Então, por que demoraram quase seis meses para eliminar essa grave vulnerabilidade? Schütz enviou uma descrição do problema por meio do serviço de recompensas de bugs do Google. De acordo com as regras do programa, uma vulnerabilidade descoberta por ignorar a tela de bloqueio em vários – ou até mesmo em todos – dispositivos pode render ao pesquisador até US$ 100.000. Mas, em vez de dinheiro, David recebeu várias semanas de silêncio e então… seu envio foi rejeitado como duplicado – outra pessoa já havia informado a empresa sobre a vulnerabilidade.

David resignou-se a perder o reconhecimento financeiro de sua descoberta. Nesse ínterim, chegou setembro (já fazia três meses desde seu relatório), e ele tinha certeza de que a vulnerabilidade seria corrigida no próximo conjunto de patches. Mas não. Com a atualização de setembro instalada, seu telefone ainda permitia que ele contornasse o bloqueio usando o truque do cartão SIM. Coincidentemente, em setembro houve um evento do Google para especialista em cibersegurança. Lá, David demonstrou pessoalmente o bug para os desenvolvedores da empresa. Só assim eles entenderam o problema, finalmente, e a vulnerabilidade foi corrigida na atualização de novembro do Android.

Mesmo que existisse um relatório de bug anterior, o Google não tomou providências. Também não houve resposta à mensagem de David em junho de 2022. Apenas um contato cara a cara com os desenvolvedores conseguiu resolver a vulnerabilidade. No final, Schütz recebeu um pagamento de US$ 70.000 por seus esforços.

O preço da segurança

Como usuários de smartphones, esperamos que os bugs críticos sejam priorizados pelos desenvolvedores e resolvidos rapidamente.
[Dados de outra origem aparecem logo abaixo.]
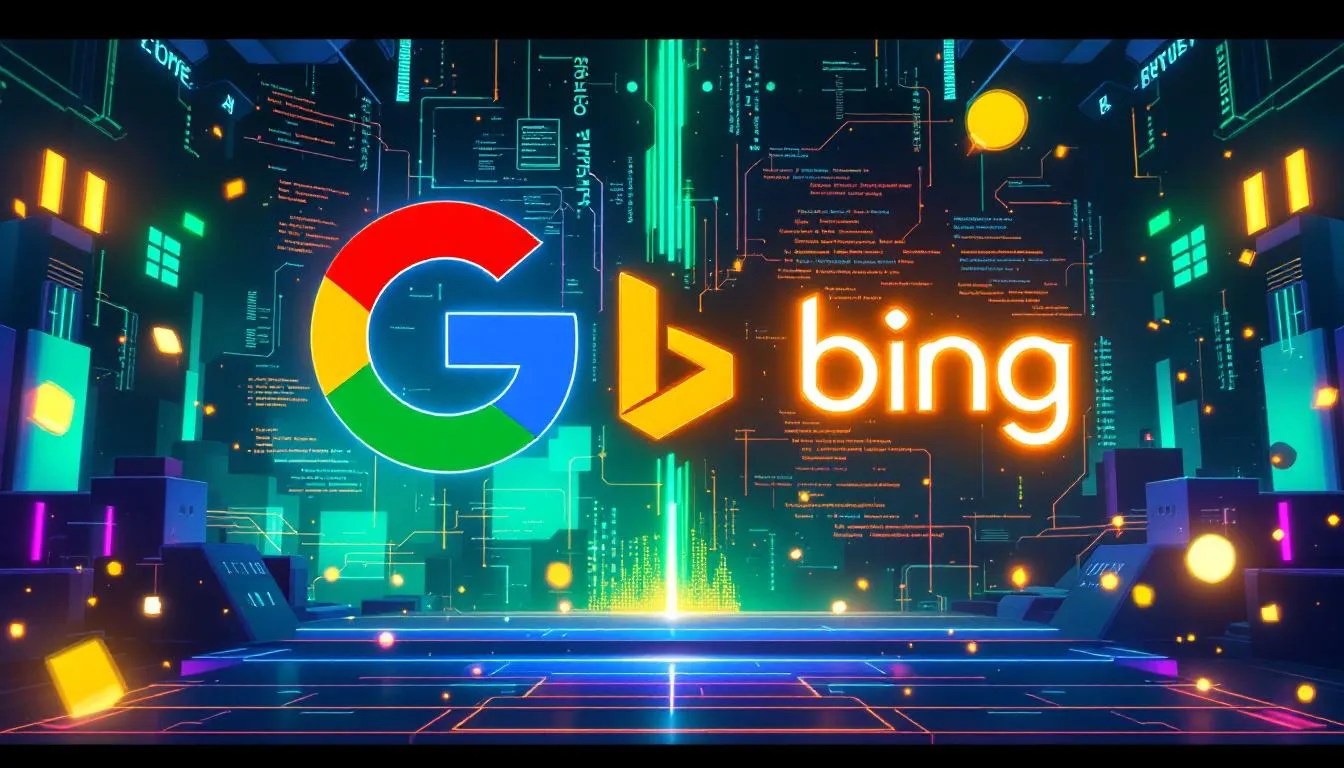 Illustration of ChatGPT between glowing Google and Bing logos in a tech-themed face-off, showing AI's use of search engines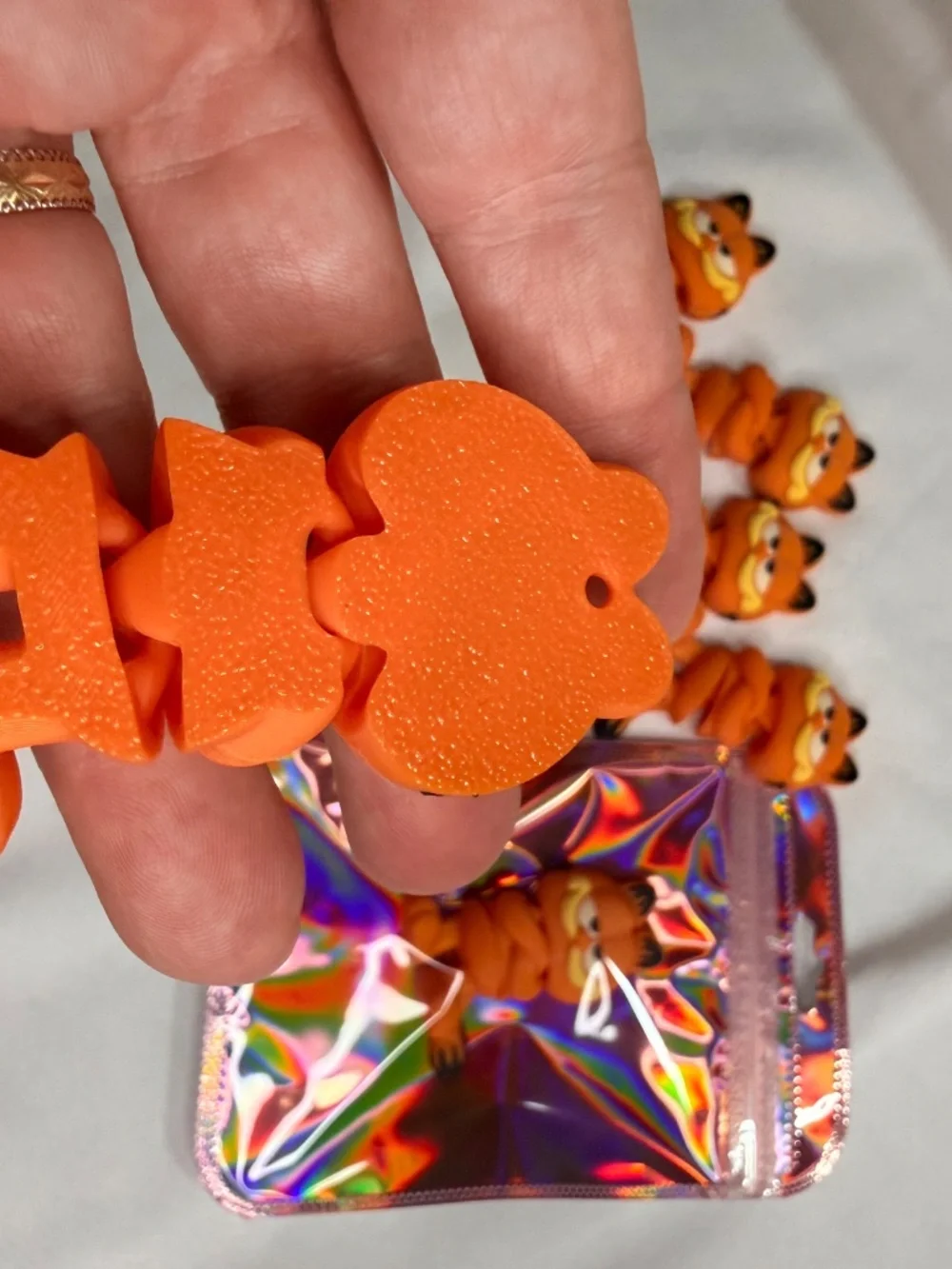 Garfield 3D Printed Keychain Orange Cat Figure Cute Bag Charm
Esta história do drible da tela de bloqueio em smartphones Android mostra que nem sempre é esse o caso. Tudo acabou bem: a vulnerabilidade foi encontrada, felizmente, por um pesquisador “white hat” que não a vendeu na darknet, onde poderia ter sido usada para fins nefastos; em vez disso, ele informou a empresa. O Google simplesmente teve que resolver a brecha de segurança imediatamente, mas foi aí que os problemas começaram. Para organizações que colaboram com especialistas externos em segurança por meio de programas de recompensa de bugs, cabe uma reflexão: recursos suficientes são alocados internamente para corrigir bugs em tempo hábil?